[Dataset excerpts]
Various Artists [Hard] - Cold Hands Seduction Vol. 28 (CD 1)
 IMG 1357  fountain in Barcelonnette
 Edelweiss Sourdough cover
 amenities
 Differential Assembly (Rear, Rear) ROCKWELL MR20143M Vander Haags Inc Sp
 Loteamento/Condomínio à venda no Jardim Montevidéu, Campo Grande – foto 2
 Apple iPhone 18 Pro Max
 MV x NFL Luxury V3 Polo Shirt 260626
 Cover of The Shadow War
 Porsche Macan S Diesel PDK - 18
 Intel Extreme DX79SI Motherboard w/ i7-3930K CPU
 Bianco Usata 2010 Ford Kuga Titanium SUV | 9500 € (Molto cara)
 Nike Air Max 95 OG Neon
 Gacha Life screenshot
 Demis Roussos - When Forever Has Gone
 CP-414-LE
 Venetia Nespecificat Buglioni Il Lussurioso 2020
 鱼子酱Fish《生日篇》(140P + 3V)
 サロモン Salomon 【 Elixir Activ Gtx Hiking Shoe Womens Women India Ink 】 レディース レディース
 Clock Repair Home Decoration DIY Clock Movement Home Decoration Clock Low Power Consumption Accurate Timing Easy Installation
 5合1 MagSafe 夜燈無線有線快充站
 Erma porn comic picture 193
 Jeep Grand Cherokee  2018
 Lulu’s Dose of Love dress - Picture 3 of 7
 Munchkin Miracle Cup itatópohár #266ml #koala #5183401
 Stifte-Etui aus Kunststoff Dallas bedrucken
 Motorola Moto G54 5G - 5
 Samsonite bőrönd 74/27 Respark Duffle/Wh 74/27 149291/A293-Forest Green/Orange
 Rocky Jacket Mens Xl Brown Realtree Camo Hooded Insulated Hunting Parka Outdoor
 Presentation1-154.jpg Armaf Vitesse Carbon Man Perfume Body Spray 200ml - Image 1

**What to work on:** Exactly as they appear above, give the entries again.

**Task result:**
Various Artists [Hard] - Cold Hands Seduction Vol. 28 (CD 1)
 IMG 1357  fountain in Barcelonnette
 Edelweiss Sourdough cover
 amenities
 Differential Assembly (Rear, Rear) ROCKWELL MR20143M Vander Haags Inc Sp
 Loteamento/Condomínio à venda no Jardim Montevidéu, Campo Grande – foto 2
 Apple iPhone 18 Pro Max
 MV x NFL Luxury V3 Polo Shirt 260626
 Cover of The Shadow War
 Porsche Macan S Diesel PDK - 18
 Intel Extreme DX79SI Motherboard w/ i7-3930K CPU
 Bianco Usata 2010 Ford Kuga Titanium SUV | 9500 € (Molto cara)
 Nike Air Max 95 OG Neon
 Gacha Life screenshot
 Demis Roussos - When Forever Has Gone
 CP-414-LE
 Venetia Nespecificat Buglioni Il Lussurioso 2020
 鱼子酱Fish《生日篇》(140P + 3V)
 サロモン Salomon 【 Elixir Activ Gtx Hiking Shoe Womens Women India Ink 】 レディース レディース
 Clock Repair Home Decoration DIY Clock Movement Home Decoration Clock Low Power Consumption Accurate Timing Easy Installation
 5合1 MagSafe 夜燈無線有線快充站
 Erma porn comic picture 193
 Jeep Grand Cherokee  2018
 Lulu’s Dose of Love dress - Picture 3 of 7
 Munchkin Miracle Cup itatópohár #266ml #koala #5183401
 Stifte-Etui aus Kunststoff Dallas bedrucken
 Motorola Moto G54 5G - 5
 Samsonite bőrönd 74/27 Respark Duffle/Wh 74/27 149291/A293-Forest Green/Orange
 Rocky Jacket Mens Xl Brown Realtree Camo Hooded Insulated Hunting Parka Outdoor
 Presentation1-154.jpg Armaf Vitesse Carbon Man Perfume Body Spray 200ml - Image 1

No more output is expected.